The inspection found that the loan advanced by the lender client “significantly exceeded” the actual price paid to the seller and that the unused part of the loan funds and/or the price paid at settlement, after deduction of fees and outlays, was paid either to the purchaser or to some person other than the seller.

The respondent failed to check the source of funds of any deposits allegedly paid by purchasers and to check any incentives allegedly granted to any of the purchasers and allowed a system to be operated where no checks were carried out in respect of any deposits allegedly paid by her clients in the said transactions.

The complainers pointed out that the total funds received by purchasers and others amounted to £250,000 if you added up the sums in all the cases where the price paid was less than the loan, in what was alleged that this was a blatant rip off of the lenders.

There was no suggestion that the paralegal was conniving in what was going on and accordingly the respondent had to take responsibility as her “complete failure” to check on any of the alleged deposits allowed this to occur.

At the time the respondent was the partner in charge of the remortgaging and conveyancing department and had a number of assistants and paralegals working for her.

However, the respondent said that 2007 was “boom time” and the firm was very busy so it was not unusual for the respondent to receive 12 new sets of instructions a day, often in connection with new build properties.

She would do the title examination but after that the transactions were formulaic in nature so she considered appropriate for a paralegal to do the work.

The respondent accepted that she should have carried out “more rigorous supervision” and she accepted culpability, but asked the tribunal to judge this against the background that at the time she was not aware of any fraudulent scheme.

It was also pointed out that the respondent “unblemished” record for 25 years and had left the profession in 2010 to start a new career in education.

She applied to have herself removed from the solicitors’ roll in 2014 as she had no intention of returning to a legal career.

But the SSDT had “no hesitation” in making a finding of professional misconduct”.

In a written decision Malcolm McPherson, vice chairman of the tribunal, said: “In this case there were 14 transactions where the respondent failed to disclose material information to the lenders which information would have clearly affected the lenders’ decision to lend. The failure to disclose this information resulted in the lenders providing funds in excess of the price actually paid by the purchasers for the properties.

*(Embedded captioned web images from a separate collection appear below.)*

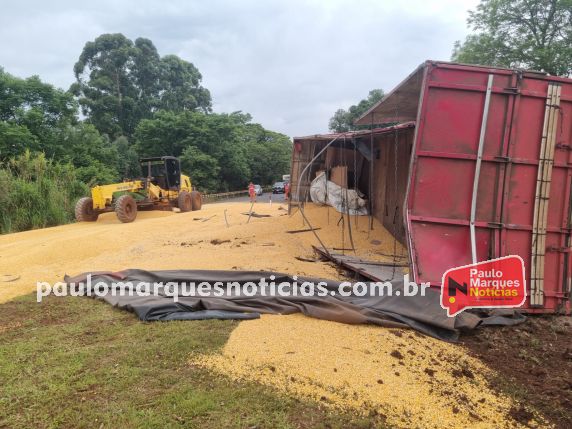 Carreta carregada de milho tomba no trevo da BR-472 em Três de Maio - foto 2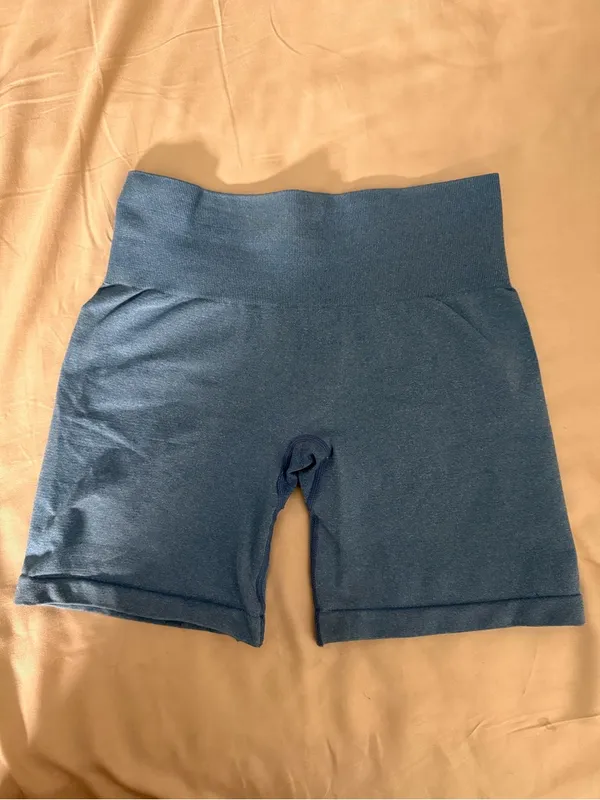 NVGTN Seamless Light Blue High-Waisted Bike Shorts - Image 2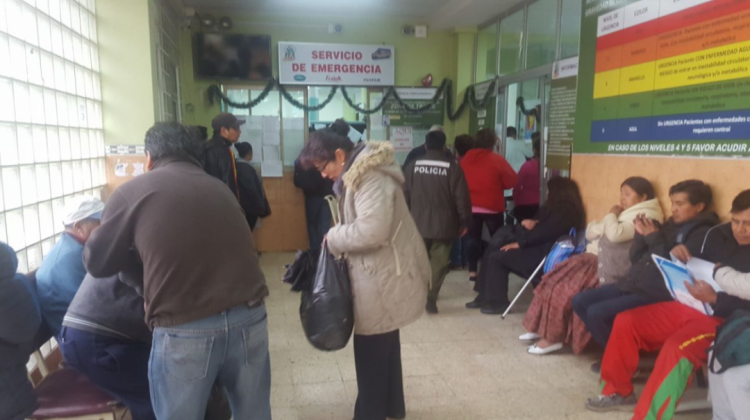 Enfermos esperan en Emergencias del Hospital Obrero. Foto: ANF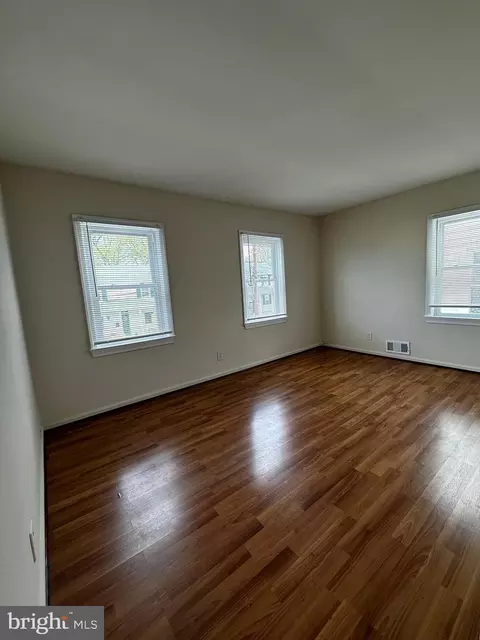 Living - 214 10th St, Laurel, MD 20707 photo 11 of 15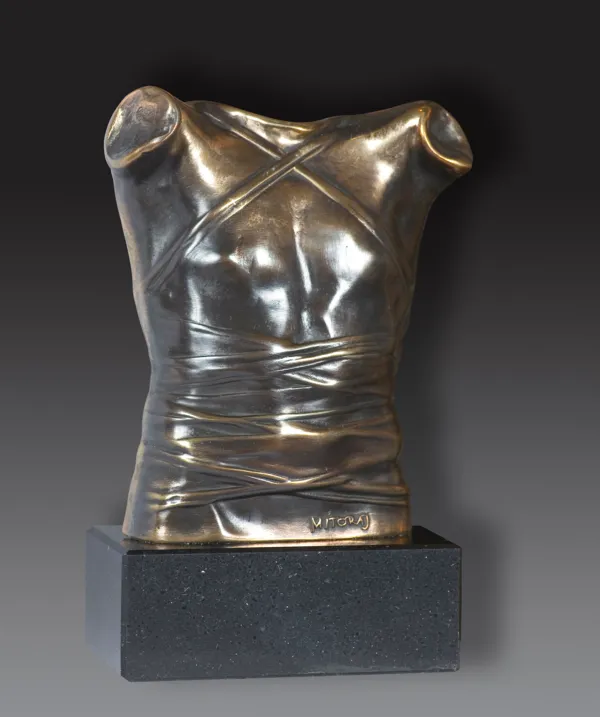 Igor Mitoraj, Pancerz (Cuirasse II), 1986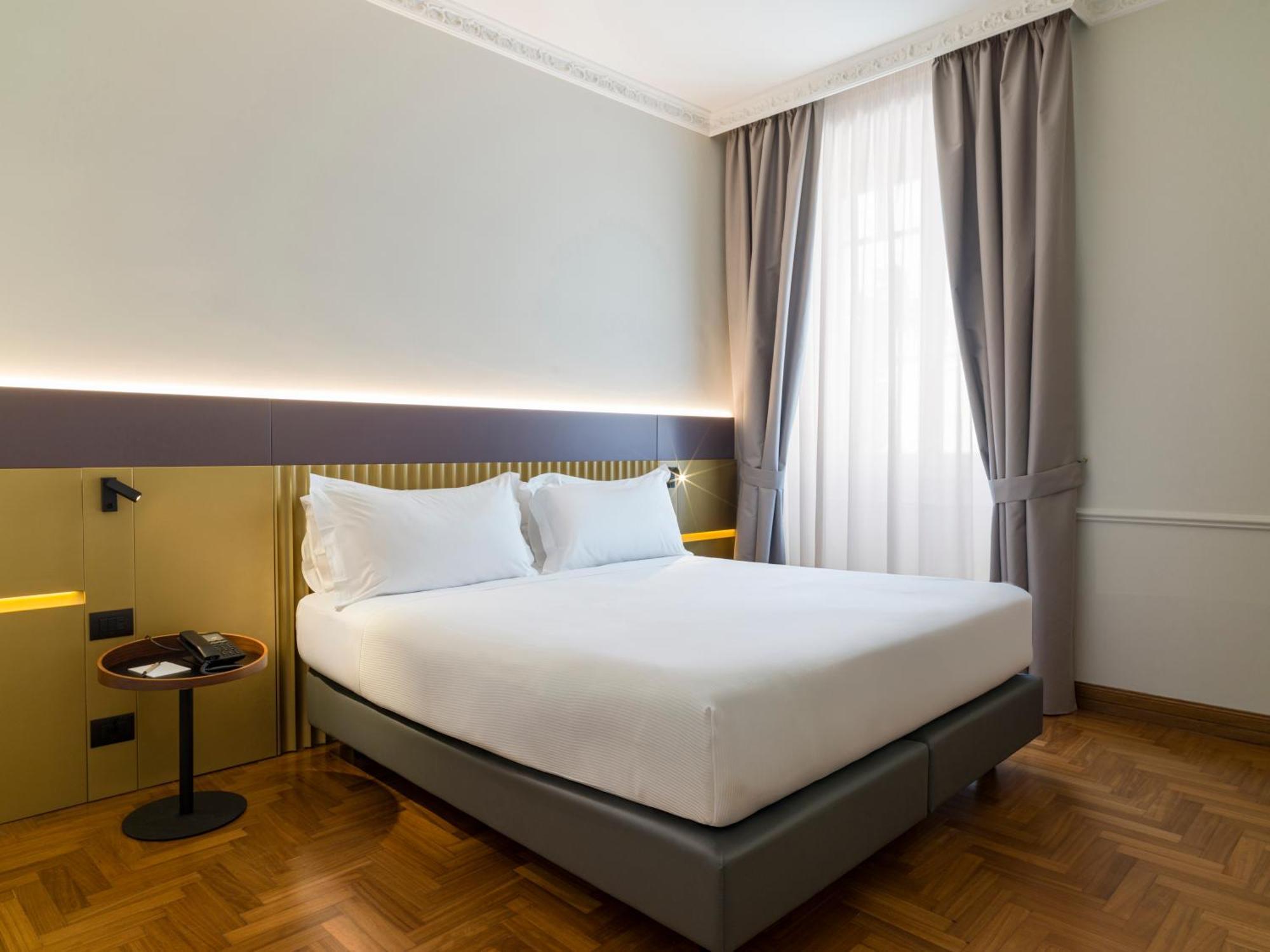 Una Hotels One Catane Extérieur photo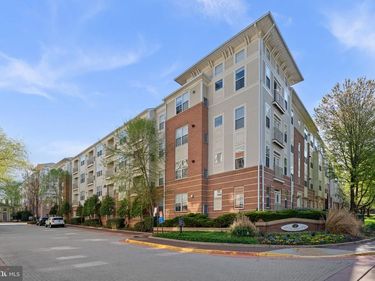 9486 VIRGINIA CENTER BOULEVARD, Unit 203, VIENNA, VA 22181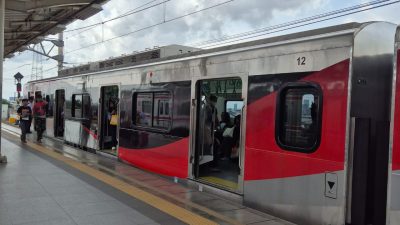Banjir Jakarta Mengakibatkan Perjalanan Kereta Terganggu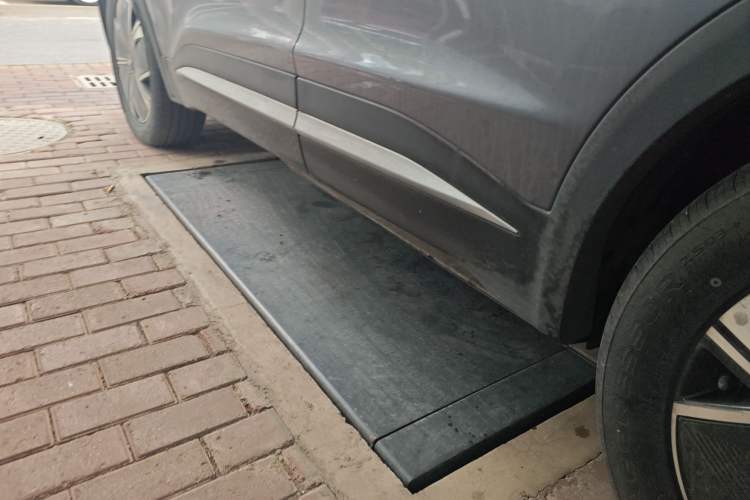 Used Chery Tiggo 7 PLUS New Energy 2023 Champion Edition 1.5T 100KM Speedy Version Left Side Sill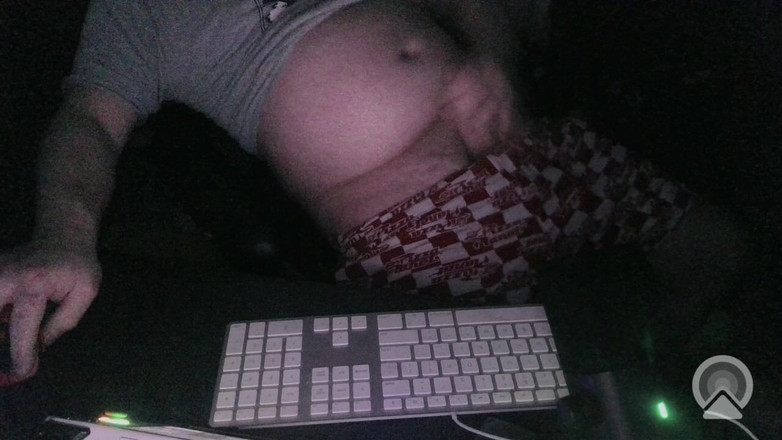 Respawn Daddy: Gece vakti mastürbasyon kamera açık ve gece vakti eyleme hazırken...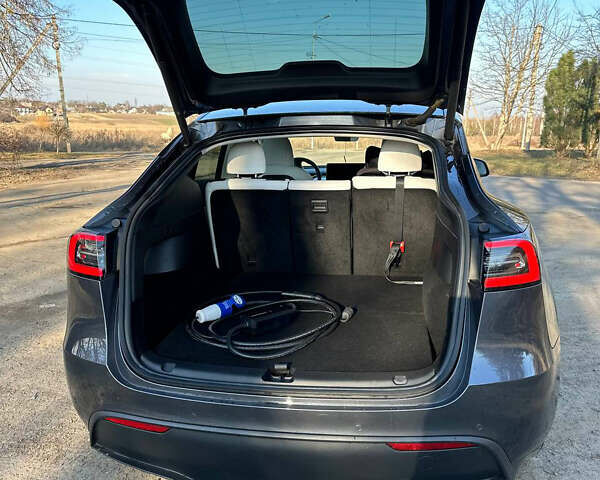 Тесла Model Y 2022 в Луцке на Automoto.ua Серый Тесла Model Y, объемом двигателя 0 л и пробегом 74 тыс. км за 23000 $, фото 10 на Automoto.ua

“The tribunal has made it clear on numerous occasions that a solicitor when acting for a purchaser and a lender has a professional duty to act with utmost propriety towards the purchaser and the lender clients.

“The respondent was the partner responsible for these transactions and had a duty to exercise proper supervision over the paralegal who was working for her. If solicitors fail to protect the interests of lender clients it is very damaging to the reputation of the legal profession.”

The tribunal considered that the respondent’s conduct was at the “middle of the scale” of misconduct and that it was necessary to impose a fine in addition to a censure to show how seriously it takes such matters.

Mr McPherson added: “The tribunal considered that the respondent’s conduct is likely to damage the reputation of the legal profession.

“The tribunal however took into account the fact that there had been early plea of guilty that the respondent had shown remorse and insight, had a previously unblemished record, had produced supportive references and had removed herself from the profession and indeed taken her name off the roll of solicitors.

“The tribunal also noted that the respondent had no intention of returning to the profession. Given the respondent’s income the tribunal considered that a censure plus a fine of £2,500 was an appropriate penalty.”